Wenn die Nation nicht mehr die Überwältigung der „corveables et taillables à merci“16 des alten Regimes und der abgeschafften adeligen Monarchien ist, sondern seit der großen Revolution die Gesamtheit der Bürger, die Ursprung, Tradition, Geschichte und Umgangsformen teilen, kann auch hier kein Zweifel sein: Der Krieg ist das am wenigsten Nationale, was man sich vorstellen kann.

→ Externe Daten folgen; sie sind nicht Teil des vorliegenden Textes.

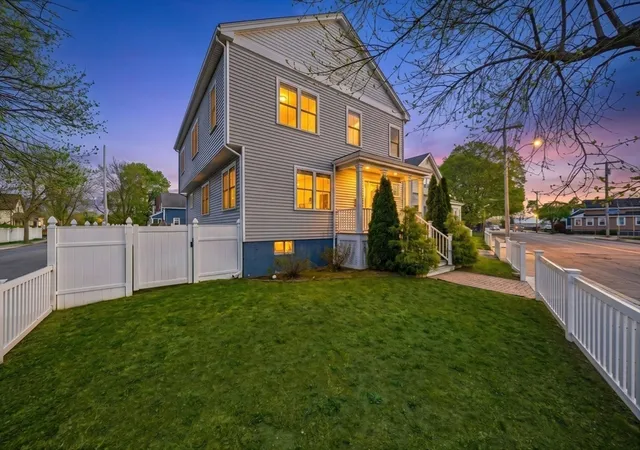 41st image of 305 Lynn St, Malden, MA 02148 | MLS# 73560621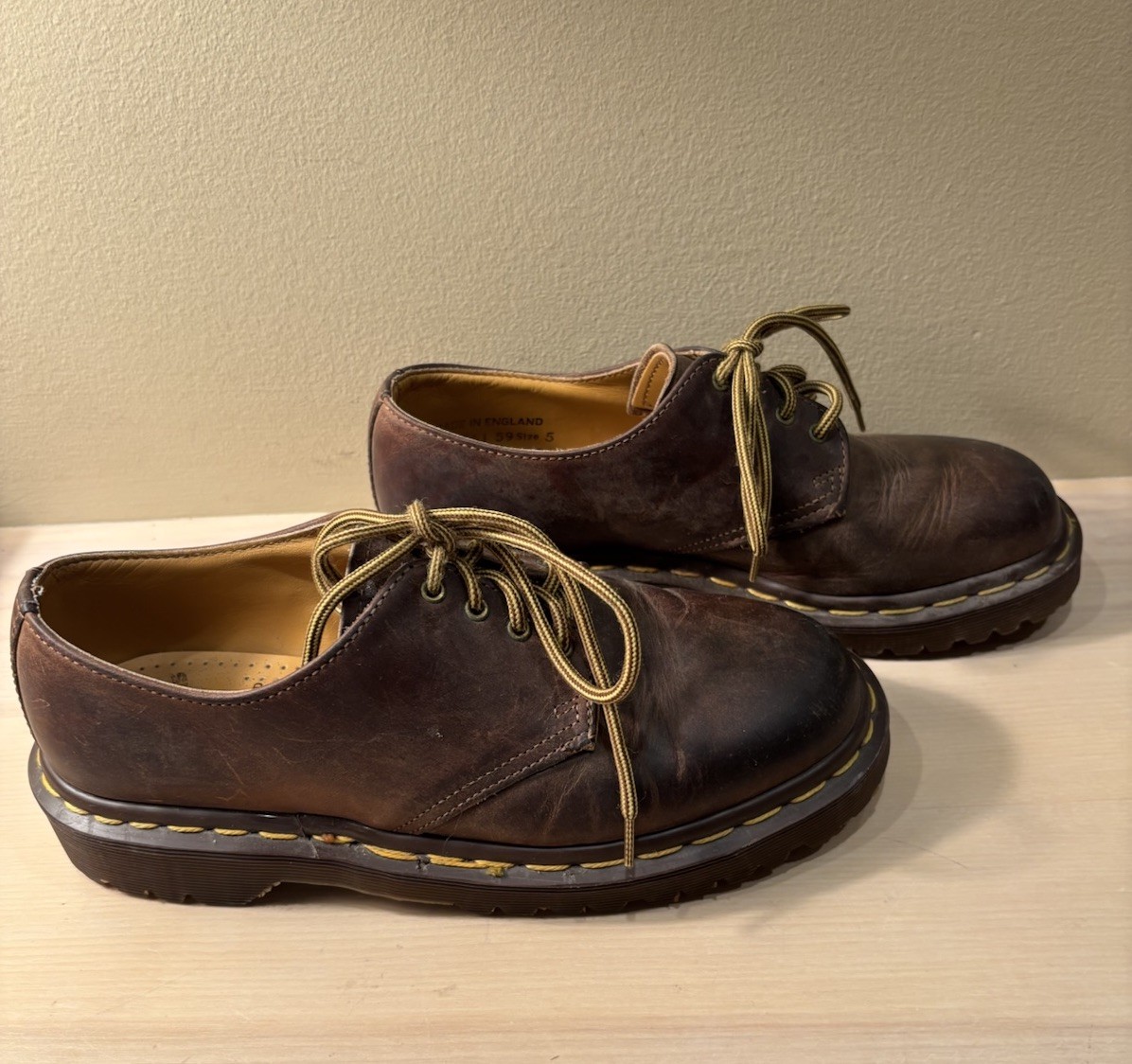 Doc Martens Walking Hiking Brown Leather Shoes US Womens 7, Mens 6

Denn eins von beiden: entweder verleugnen sich diese anthropologischen Sophistereien – und das wäre angesichts der Unmöglichkeit, heute, nach Millionen Jahren der verschiedenen Paarungen und der verbreiteten Promiskuität, die Unterscheidungsmerkmale der einzelnen ethnischen Gruppen nachzuzeichnen, nicht unvernünftig; und folglich ist der kriegerische Aufruf im Namen des Stammes Schmeichelei und Idiotie. Oder man akzeptiert, und dann muss man auch die Konsequenz akzeptieren und anerkennen, dass es von den Hochebenen des Punjab durch das ganze südliche Russland, durch Ungarn, Bayern, die Loraine, Norditalien, die östlichen Departments Frankreichs und den Großteil Belgiens nur Kelten gibt, die allesamt die gleiche Abstammung teilen, so wie wir im Norden Preußen, Schotten und Iren haben, die alle Teutonen sind, alle Stammesbrüder, nur durch den Zufall auf die eine oder die andere Seite der Grenze geschlagen, und die sich heute in Flandern, in den Vogesen und in Südtirol abstechen, im Namen des eigenen Stammes mit brüderlichstem Enthusiasmus.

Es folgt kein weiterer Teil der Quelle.